L’edificio occupato un tempo era la sede dell’Inpdap
L’edificio occupato, che si trova in via Santa Croce in Gerusalemme (non lontano dalla stazione Termini), in passato è stato sede dell’Istituto nazionale di previdenza e assistenza dei dipendenti dell’amministrazione pubblica (Inpdap), poi confluito nell’Inps. La chiusura degli uffici dell’ente iniziò nel 2003 e il definitivo abbandono del palazzo era arrivato nel 2010. Successivamente era stato venduto al fondo di investimenti immobiliari Investire SGR. Poi l’occupazione da parte di Action, a seguito della quale hanno trovato casa nell’immobile oltre 150 famiglie, per un totale di circa 400 persone.
La sentenza appena notificata al Viminale
Secondo quanto riporta Adnkronos, la sentenza (di 25 pagine) è stata emessa il 18 dicembre ed è stata appena notificata al Viminale. «È vero che l’occupazione illecita, e quindi il reato è stato posto in essere da soggetti terzi, ma il danno conseguente a tale occupazione può e deve essere imputato al ministero dell’Interno», si legge nella sentenza.
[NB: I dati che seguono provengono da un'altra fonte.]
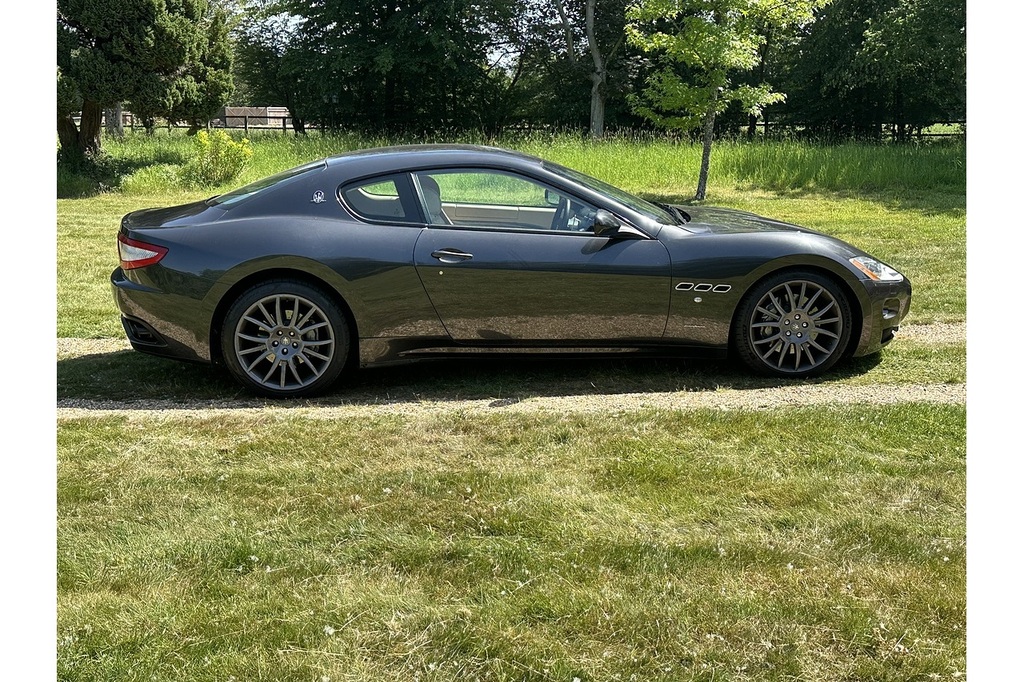 Maserati GranTurismo 4.7L S White #10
Questo perché il Viminale «a fronte della emissione da parte dell’Autorità giudiziaria di un provvedimento di sequestro preventivo, aveva uno specifico obbligo di impedire la prosecuzione dell’illecito, essendo obbligato a dare esecuzione al decreto di sequestro». Su richiesta del pm del 27 febbraio 2020, il gip di Roma aveva ordinato il sequestro preventivo dell’immobile il 31 marzo 2020. Ma l’ordine non è stato mai eseguito. Matteo Piantedosi, attuale ministro dell’Interno, ha inserito Spin Time Labs nel piano sgomberi della prefettura di Roma.